会計コンサルによる法要件解説
帳簿間の相互関連性の確保
--帳簿間の相互関連性は番号や文言などによって関連付けて確保される
帳簿間の相互関連性の確保要件は、2つの国税関係帳簿の記録が転記などを通じて関連する場合に、国税関係帳簿間の関連性を確認できる情報を記録することなどの方法によって、相互に関連性が確認できることを求めるものです。この要件は、一方の国税関係帳簿を紙保管する場合にも適用されます。
帳簿間の相互関連性を確保する方法に関しては、取扱通達に次の2つの方法が示され、Q&Aに3つの例示が掲載されています(図3-1参照)。
- 個別転記する場合、同一取引に係る記録事項であることを明確にするための一連番号等の情報を帳簿に記録する方法
- 集計転記する場合、一方の帳簿に係るどの記録事項を集計したかを明らかにする情報を帳簿に記録する方法
帳簿データの記載項目を検討する際には、帳簿体系を紐解いて、帳簿間の関連性がどのように維持されているのか、関連性の記録に欠落が無いかどうかなどを確認し、帳簿間の相互関連性の確認方法や関連性を記録する項目、データ設定方法を決定することが重要です。
①明細データで記録等する場合・・・一連番号を記録することにより相互関連性を確保

②集計した結果(合計額)を転記する場合・・・一連番号を記録することにより相互関連性を確保するケース

③集計した結果を記録等する場合・・・集計期間を記録することにより相互関連性を確保するケース

見読可能性の確保
――コード値だけでは見読可能性の確保要件を満たせない
次は、コードの取扱いです。
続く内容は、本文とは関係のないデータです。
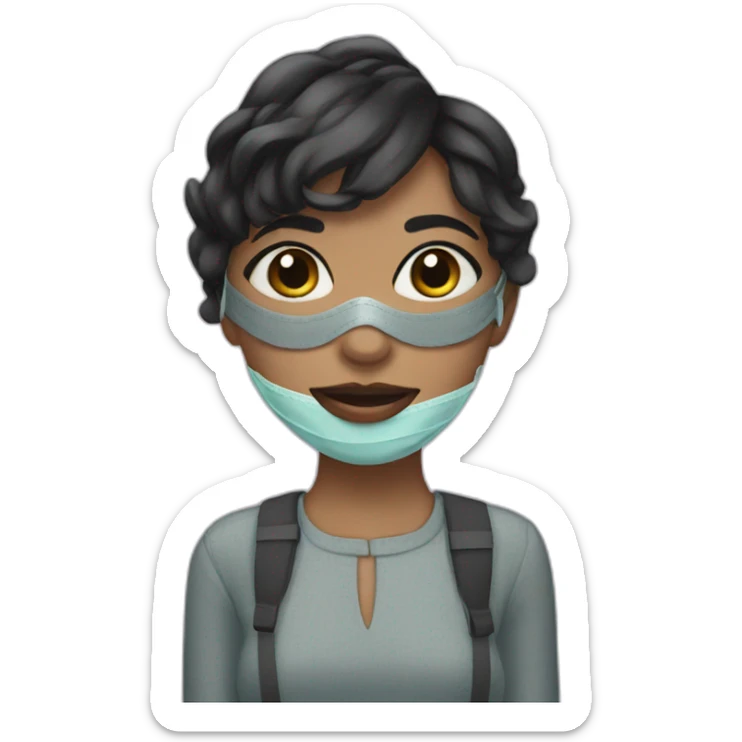 A girl with short hair, wearing a mask, and long eyelashes  sticker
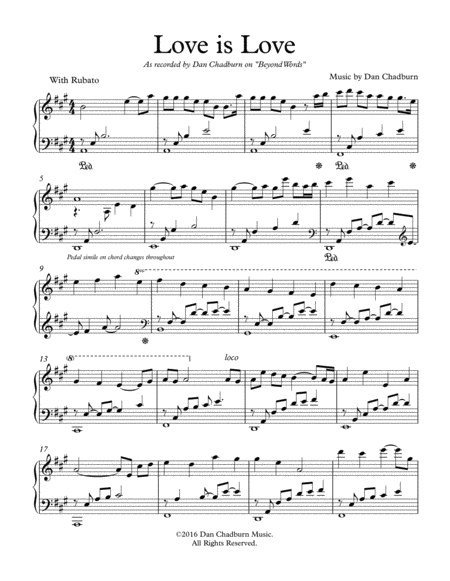 Love Is Love Sheet Music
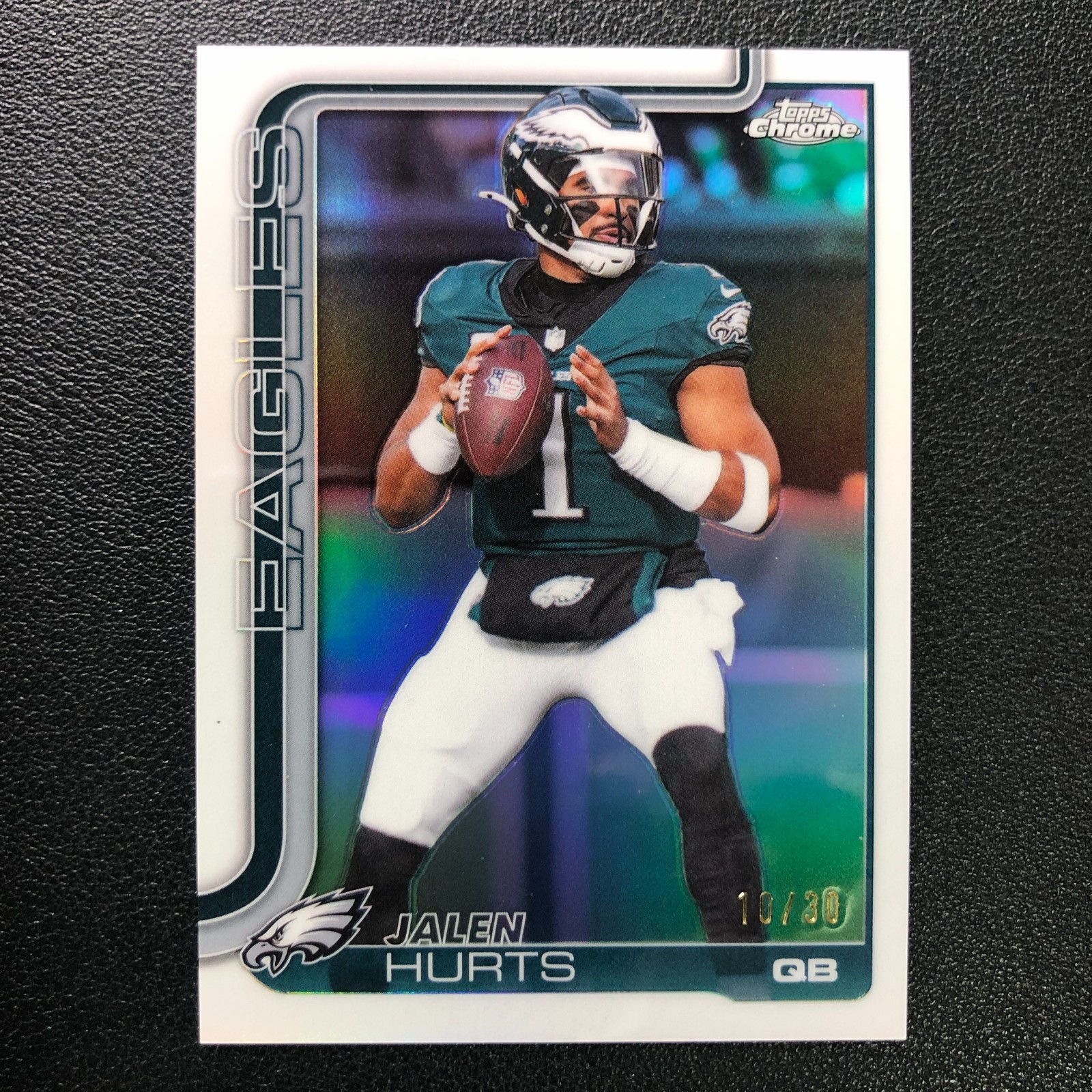 2025 Topps Chrome Jalen Hurts White Refractor /30 Eagles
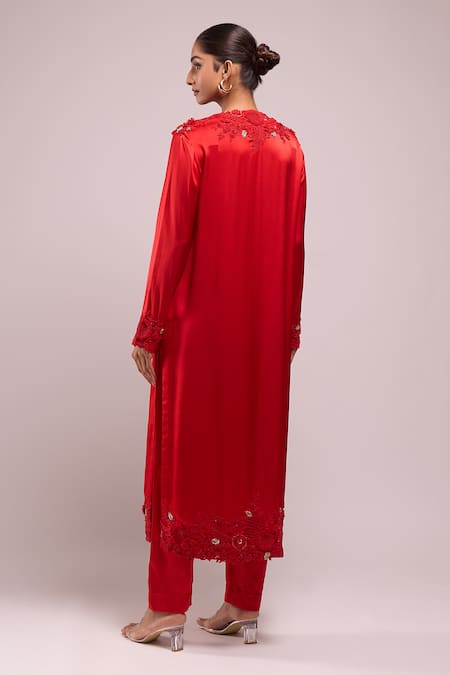 Anamika Khanna Red Embroidered Kurta Pant Dupatta Set 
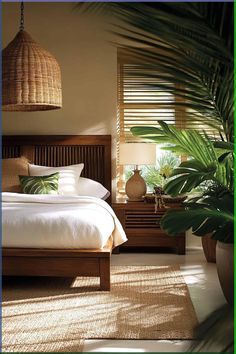 a bed sitting next to a plant in a bedroom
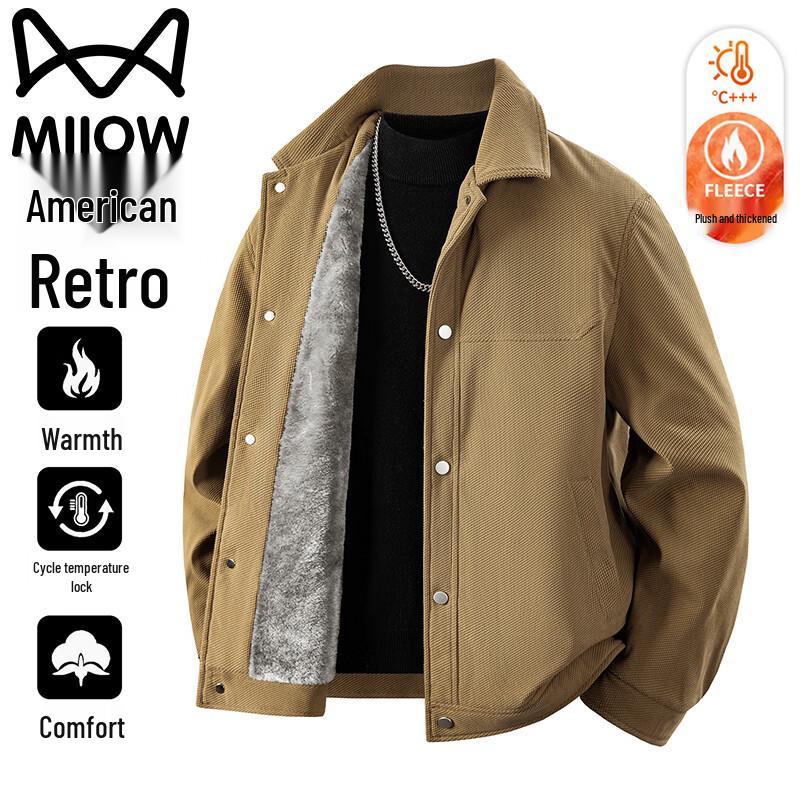 MIIOW Men's American Retro Plush Lined Warm Jacket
システムでは通常、トランザクションデータに勘定科目コードや取引先コードのようなコード値を保持し、マスタデータに名称などのコード内容を保持しています。「電子帳簿保存法」対象の帳簿データがコード値のみを記録・保存している場合には、帳簿作成時点の関連マスタデータを帳簿保存期間にわたって保存することが求められます。
帳簿データの記載項目を検討する際には、マスタ内容のデータ保存を帳簿データとマスタデータのどちらで実現するかを決定する必要があります。
最後に
「電子帳簿申請を提出したが法要件を満たしていないという理由で却下された」「電子帳簿申請をし、みなし承認を受けたが、国税調査において要件不備の指摘を受けた」という声をよく聞きます。
後になって要件不備の指摘を受けないよう、他社における対応例・国税の指摘例を踏まえて、あらかじめ対応を検討しておくと効果的です。
また、法要件に対応したシステムを導入することで、システム面での効率的な対応も考えられます。